Mr. Durst discussed what makes it possible for Sudden Fiction to succeed. The economy of scale favors big chains: “That’s the only thing that makes [Sudden Fiction] work, is not having big-box competition. We absolutely could not have the same amount of daily offerings as Barnes & Noble…  they buy books by the thousand and then ship them to their various stores. We buy books by the five or so and then wait for [them] to sell.” The advantage of Sudden Fiction is that it’s “hyper-localized”: “Not only do we have local authors from the area, the state, the town, the county, but also it is super easy to get regulars in here, know what they like, get that in, and then tune the bookstore to what Castle Rock and the surrounding area needs.” Because of Sudden Fiction’s nature as a small bookstore which calls one community home, it can tailor itself to that community in a way that Amazon or Barnes & Noble never could. (The article from Wharton echoes this, saying, “Barnes & Noble’s size and scale… make it hard to foster the kind of intimate community center ambience it wanted.”)

In addition to the right books, Sudden Fiction offers an experience surrounding those books that only a local bookstore can. Firstly, it’s a space for browsing, in symbiosis with its neighbor businesses in Ecclesia: “We always had the merchant vendors here, so it was easy to not have food … we do coffee, and we do beer and wine, the same as the bar upstairs, and that lets people walk around from various shops in here … and get books and eat good food and have drinks and mill about in Ecclesia.”

Most importantly, Sudden Fiction is a space for conversation, for the exchange of ideas — for connection with community. Mr. Durst described a book signing that Sudden Fiction hosted over the summer: “It essentially became exactly the type of experience you want with a bookstore, which is people coming in and getting their book signed and talking with the author and being able to mill about in the space.” Writers and readers from the area could connect with each other and talk about the ideas in their books. In the end, it’s about people.

“The reason people shop here is absolutely because everyone who comes in here gets one of the two owners, or one of our very few employees, and gets that local connection. We know who you are, we know what you want to read, we talk about what’s going on in the community and how it’s affecting you and us,” Mr. Durst tells me. “Bookshops have always been a place that encourage[s] pluralism, and multiple ideas. You think about some of the authors that have been banned and some of the authors that have been promoted throughout the years. Bookstores have always been a place that encourages popular content — big books, that everyone’s reading — and also stuff that you can’t find, or that might be controversial. We have all of that stuff on our shelves and we want to get into all of those conversations with people who shop here. And that’s [borne] out, that you can’t do that with Amazon, you can’t really do it at Target, even if you can get some of the same books.”

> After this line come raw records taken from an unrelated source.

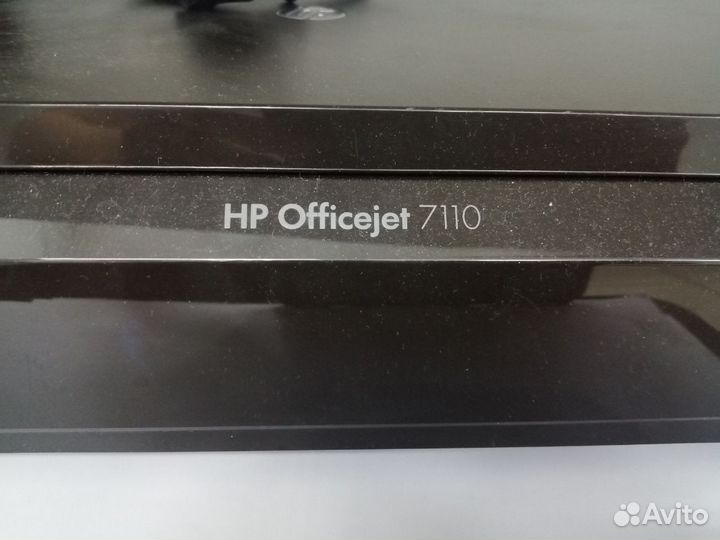 Принтер Hp officejet 7110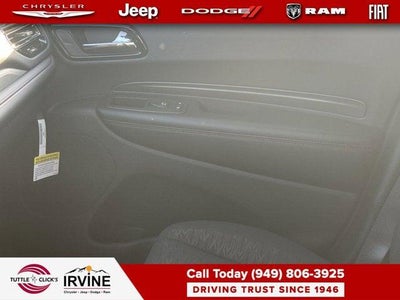 2026 Dodge Durango DURANGO GT AWD HEMI V8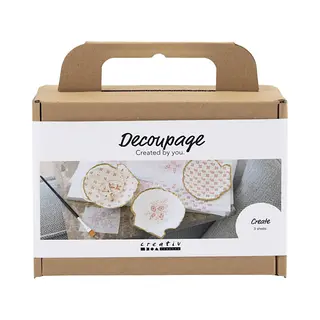 Creativ Company 977788 creatief papier Kunstpapier 3 vel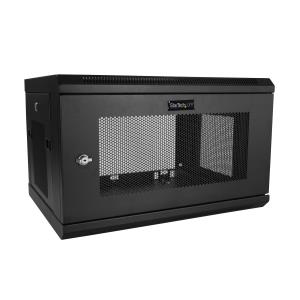 Wall Mount Rack 6u 6u - Wall Mount Server And Network Cabinet - 6u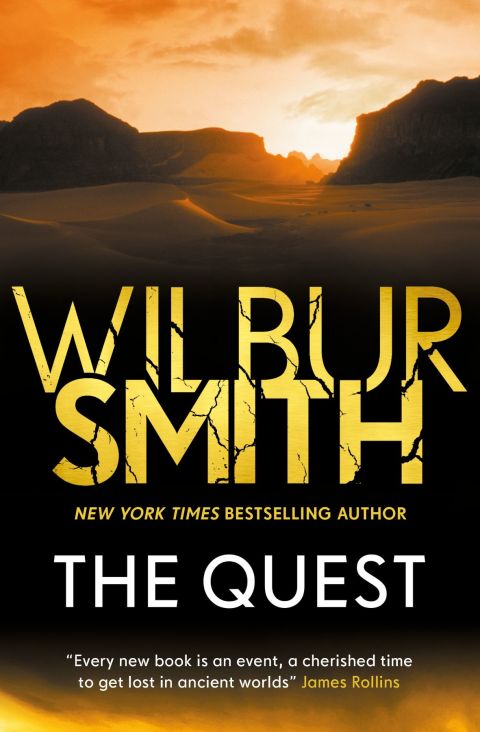 Cover image for book Quest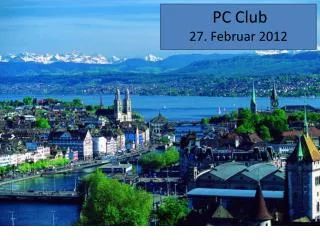 PC Club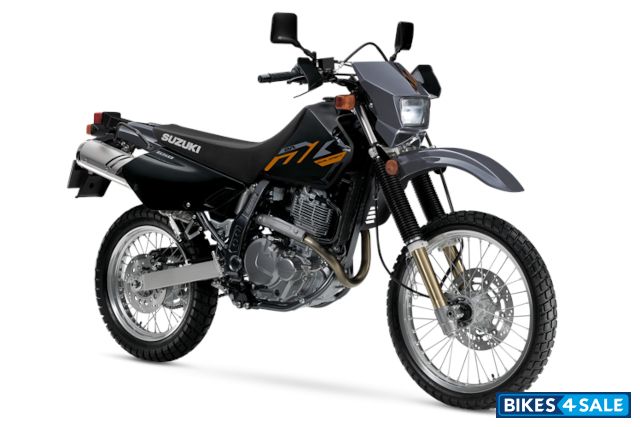 Suzuki DR650S 2026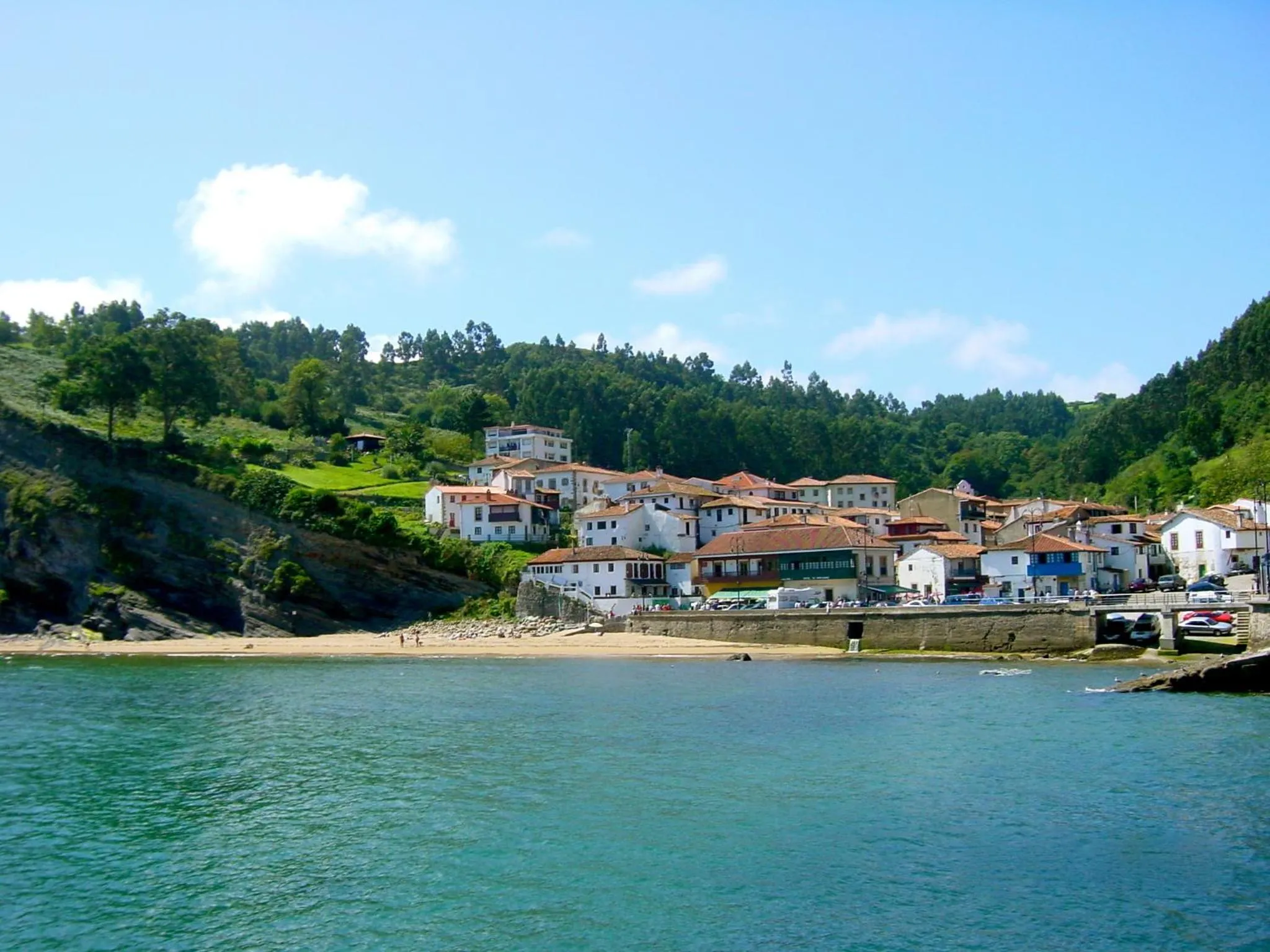 Activities in Mar Del Sueve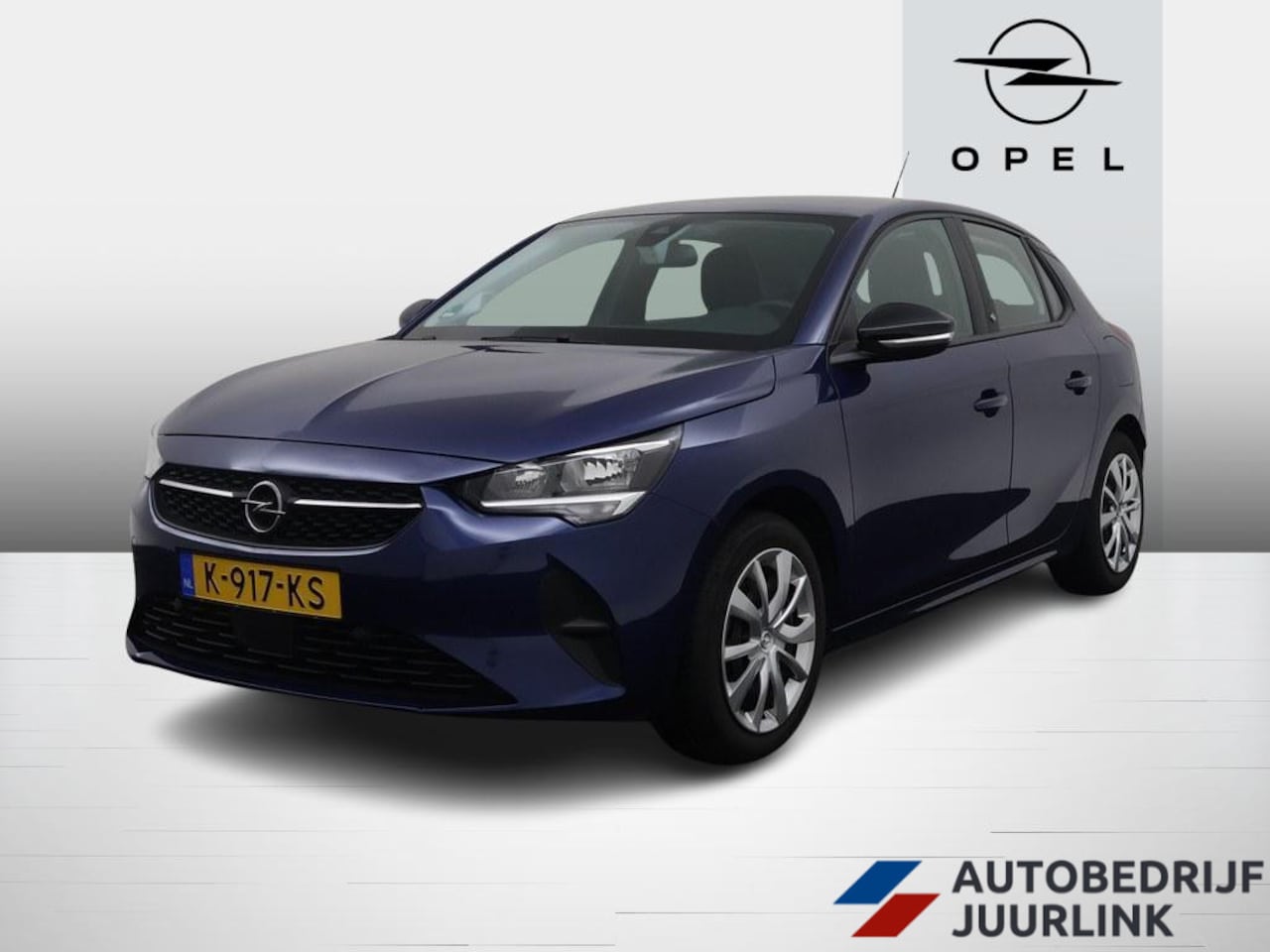 Opel Corsa-e - Edition 50 kWh 3 Fase 1e eigenaar Carplay/Ecc /Cruise/Keyless - AutoWereld.nl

The things Mr. Durst told me reflected what I found at The Tattered Cover. People still value the experience of a bookstore — browsing the shelves, sitting down to read in a comfortable chair, sipping coffee, turning pages, talking to staff for a perfect book recommendation. One cannot have that experience anywhere else.

One anecdote in particular that Mr. Durst shared is telling. He said that some customers “send us the Amazon readout of the book they’re looking for and then say, ‘Can you get this for close to the same price?’” If convenience mattered to those people, they would never do that.

It is for that reason that I do not fear for the future of independent bookstores. While they cannot beat Amazon on price or convenience, they don’t have to. As long as local bookstores lean into the unique experience that only they can offer, readers will continue to walk through their doors, with no plans but to spend an afternoon in a quiet place that smells of books.